Huimos hacia Port Canning, para Calcuta, donde nos embarcaremos para Patna y desde allí alcanzaremos a las tropas insurrectas que se concentran en Delhi.
Pase lo que pase no lo dejaré, y vigilaré a Darma.
En la oficina postal de Calcuta encontrarán nuevas mías.
Sirdar.
Después de la lectura de aquella carta había sucedido un breve silencio, roto solamente por los sordos sollozos de Tremal-Naik.
Todos miraban al Tigre de la Malasia cuyo rostro asumía rápidamente un aspecto terrible. Comprendían que el formidable hombre estaba meditando alguna espantosa venganza.
De pronto se acercó a Tremal-Naik y posándole la mano sobre el hombro le dijo:
—Te he dicho que no dejaremos estos lugares si antes tú no vuelves a ver a tu pequeña Darma y nosotros, la piel del Tigre de la India y sabes que Yanez y yo somos hombres capaces de mantener nuestras promesas. Suyodhana otra vez ha huido; en Delhi lo volveremos a encontrar y más rápido quizá de lo que crees.
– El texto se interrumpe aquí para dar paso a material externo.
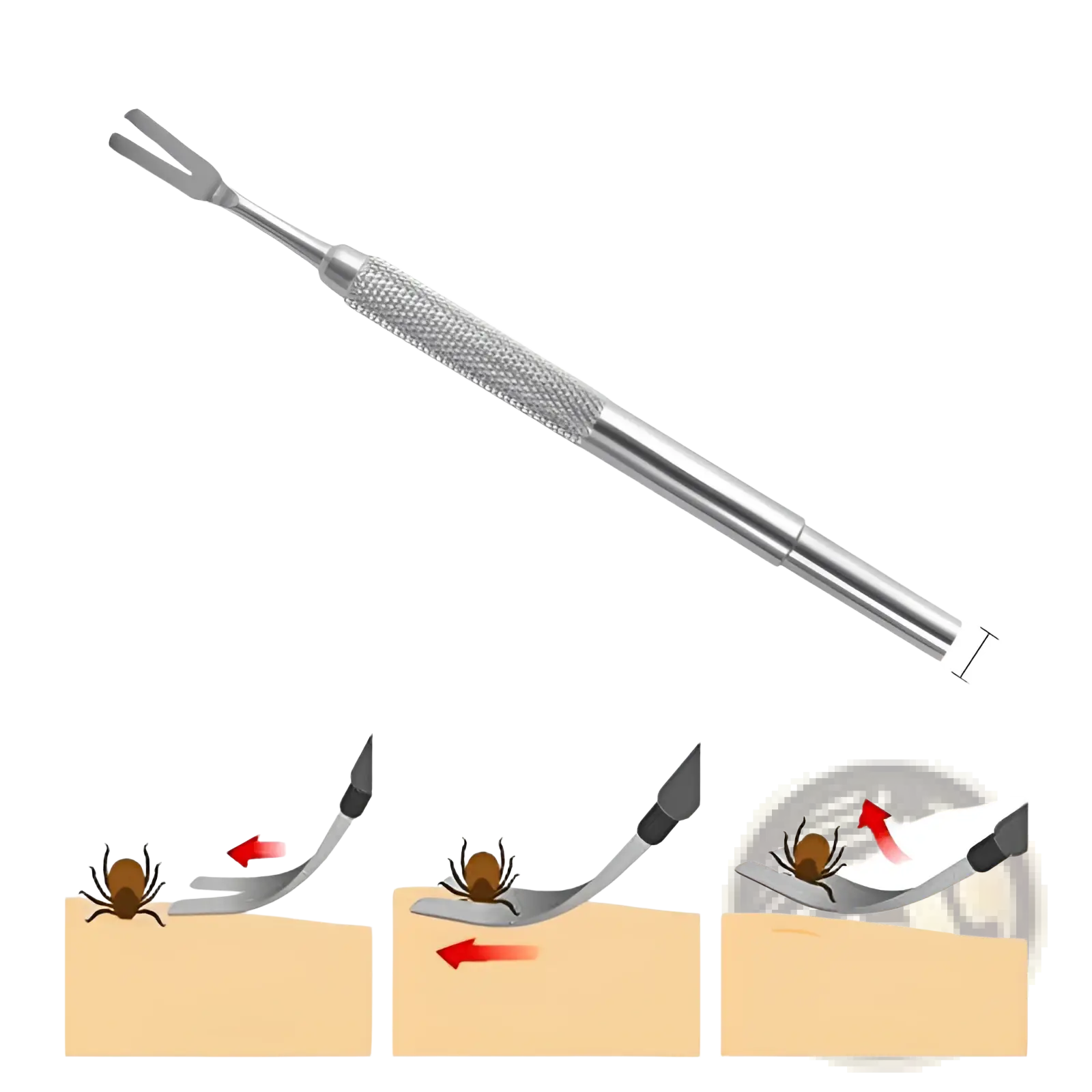 Professional stainless steel tick remover tool in silver with textured grip and dual-pronged tip for safe tick removal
—¿Seguirlo hasta allá, en estos momentos en los que toda la India septentrional está en llamas? —dijo Tremal-Naik.
—¿Qué importa? ¿Es que quizá no somos hombres de guerra? Señor de Lussac, ¿podría usted hacernos obtener del gobernador de Bengala, en recompensa del servicio que nosotros prestaremos a los ingleses, un salvoconducto que nos permita atravesar la alta India, sin ser inquietados por las tropas operantes?
—Lo espero, capitán, es más, estoy seguro, tratándose de atrapar a un hombre sobre cuya cabeza pesa desde hace veinte años una recompensa de diez mil libras esterlinas.
—¡Atraparlo! No, señor, matarlo —dijo Sandokan fríamente.
—Como quiera.
Sandokan permaneció un momento silencioso, luego retomó:
—Tú un día, Tremal-Naik, me has contado que sobre estas cavernas corre un río.
—Sí, el Mangal.
—Que en un antro se encuentra una puerta de hierro que comunica con aquel río y que tiene un grueso tubo.
—Sí, lo he visto también varias veces durante mi cautiverio —dijo Kammamuri—. Sirve para suministrar agua a los habitantes de los subterráneos.
—¿Sabrían conducirnos a aquella caverna?
—Sí —respondieron los dos indios.
—¿Está lejos?
—Deberemos recorrer cuatro largos corredores y atravesar la pagoda subterránea.
—Guíanos a aquel antro —dijo Sandokan, con una cruel sonrisa—. ¿Cuántos petardos tienen aún?
—Seis —respondió Kammamuri.
—¿Hay otro pasaje, sin desfondar la puerta de la caverna?
—La galería se bifurca a doscientos pasos de aquí —dijo Kammamuri—. Es por ahí que deben haber huido los thugs que se habían refugiado en la pagoda.
—A mí, tigres de Mompracem —gritó Sandokan—. Aquí combatiremos la última lucha contra los tigres de Rajmangal. ¡A la cabeza Kammamuri y planta tu antorcha en la punta de la carabina! ¡Adelante! ¡La última hora está por tocar para los estranguladores de la India!
ACLARACIONES DE LA TRADUCCIÓN
Patna: Ciudad del noroeste de la India, a orillas del Ganges. Es la capital de Pradesh y centro comercial de productos agropecuarios y artesanías.
Diez mil libras esterlinas: El valor relativo de £10.000,00 en 1857 corresponden a £852.000,00 en 2014, utilizando IPC (índice de precios al consumidor).